Leaders also agreed to limit some of the cuts to food stamps that would have affected some elderly illegal immigrants.

House Democratic leader Nancy Pelosi of California has said she expects all 202 House Democrats to vote against the package of spending cuts, meaning the 231 Republicans could afford to lose the support of no more than 13 of the party's lawmakers to get the 218 votes needed for passage. The spending cuts are a cornerstone of President George W. Bush's plan to cut the deficit, which was $319 billion in the year that ended Sept. 30.

``Rather then reversing decades of protection for this publicly held land, focusing greater attention on renewable energy sources, alternate fuels, and more efficient systems and appliances would yield more net energy savings,'' Bass said in the letter to House Republican leaders.
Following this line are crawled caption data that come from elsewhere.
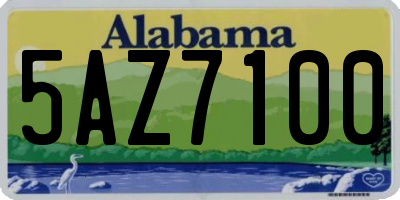 AL license plate 5AZ7100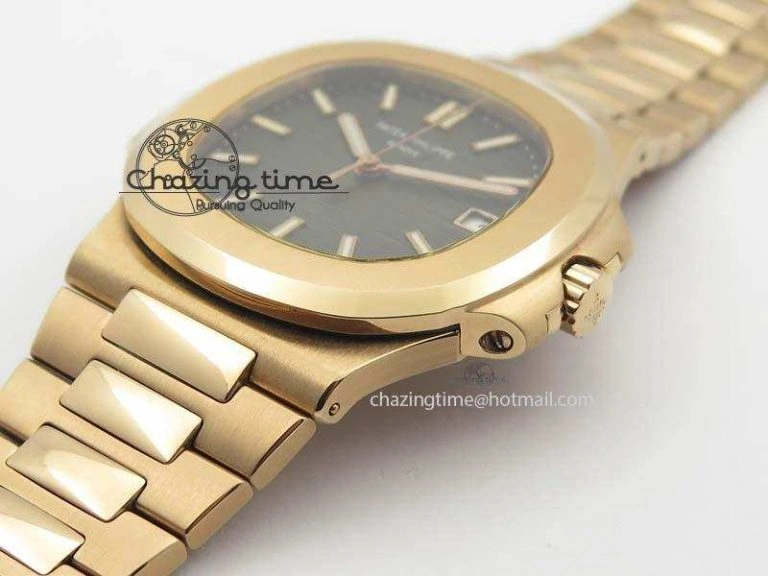 Nautilus Jumbo 5711 RG BP Maker Best Edition Gray Textured Dial On RG Bracelet A324CS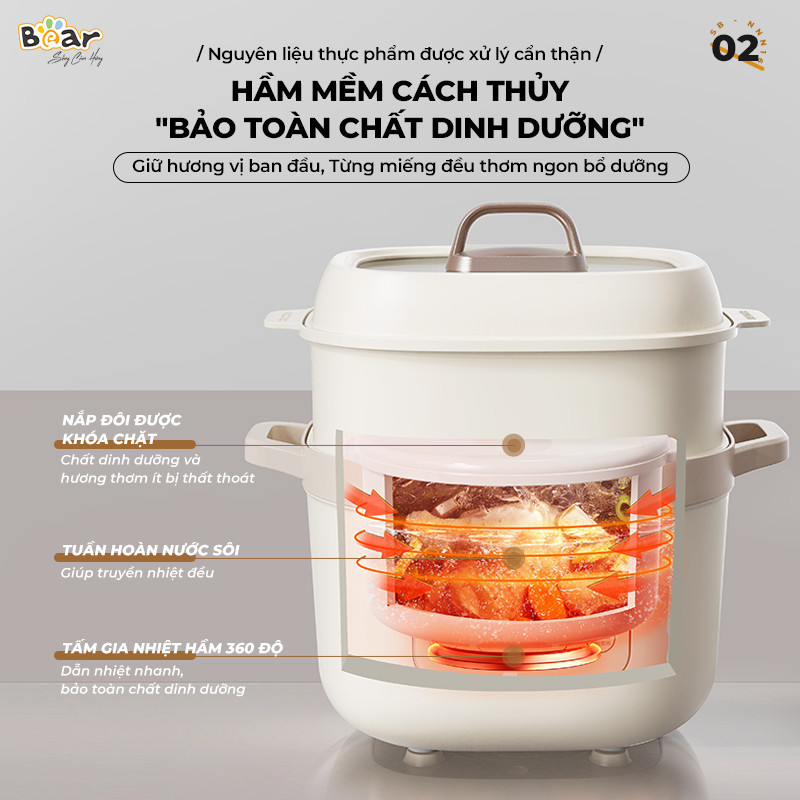 Mô tả Nồi Nấu Cháo Chậm BEAR 1.6L 6 Chế Độ Ninh Nấu Hầm Chưng Yến Hấp Cách Thuỷ Tiện Lợi Giữ Chất Dinh Dưỡng SB-NNC16 - 2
House Majority Leader Roy Blunt, a Missouri Republican, and other House leaders worked throughout the day yesterday to wrestle votes in favor of the package from Republicans who are holding out their support. Blunt took the lead, meeting with two dozen lawmakers, either in groups or one-on-one, in his Capitol office suite or on the House floor, said his spokeswoman, Burson Taylor.

Representative Joe Barton, a Texas Republican who chairs the Energy and Commerce Committee, said yesterday he won't vote for a package that doesn't include ANWR.